→ **YOUR INSTRUCTIONS**
Without the pictures, print the lines from the one holding "LACEY PANT Denim JC Sophie DARK DENIM 34" through the last line below, both included, exactly as they stand.

→ **COLLECTED MATERIAL**
────────

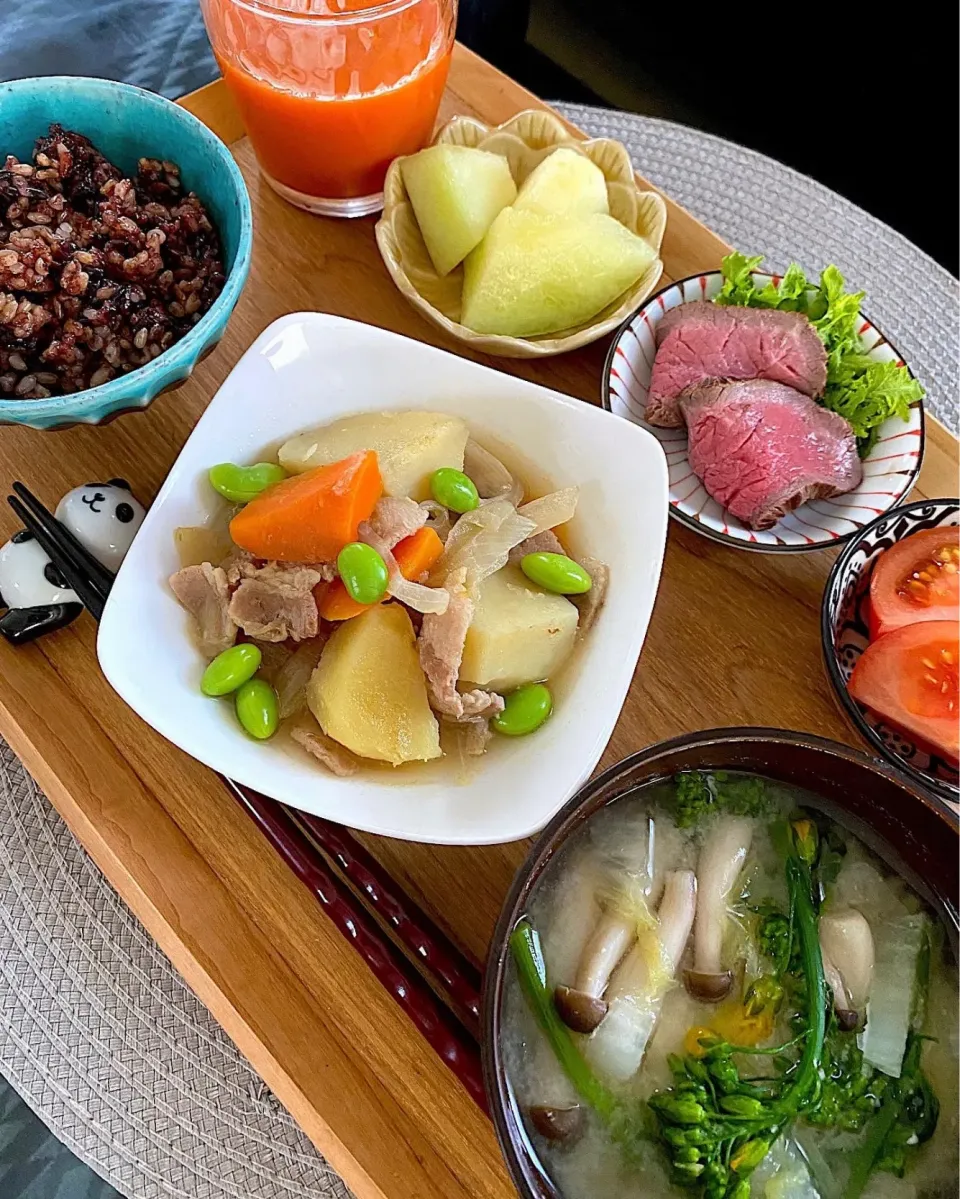 ゆかりさんの料理 肉じゃが🤭|ゆかりさん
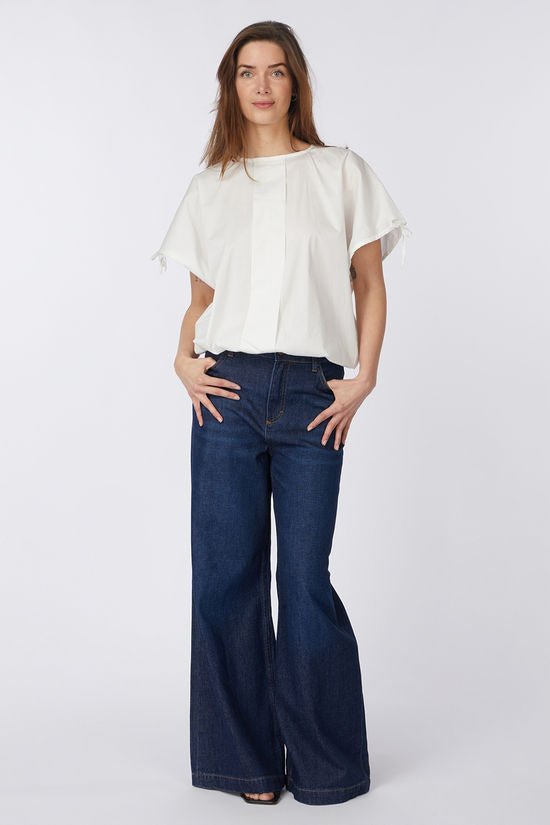 LACEY PANT Denim JC Sophie DARK DENIM 34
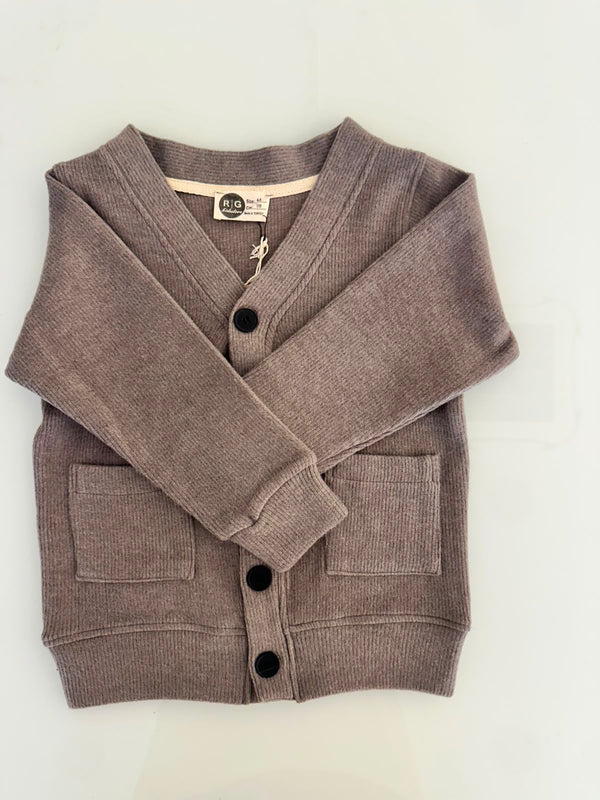 Kinder-Selanik-Strickjacke | Knopfleiste | 3–9 Jahre | Mädchen & Jungen | RG1505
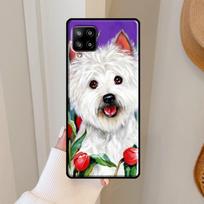 Shih Tzu Dog Case For Samsung Galaxy A56 A36 A06 A13 A32 A12 A22 A52 A35 A26 A16 A55 A15 A54 A34 A14 A53 Samsung A52S 5G white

────────

→ **TASK SOLUTION**
 LACEY PANT Denim JC Sophie DARK DENIM 34
 Kinder-Selanik-Strickjacke | Knopfleiste | 3–9 Jahre | Mädchen & Jungen | RG1505
 Shih Tzu Dog Case For Samsung Galaxy A56 A36 A06 A13 A32 A12 A22 A52 A35 A26 A16 A55 A15 A54 A34 A14 A53 Samsung A52S 5G white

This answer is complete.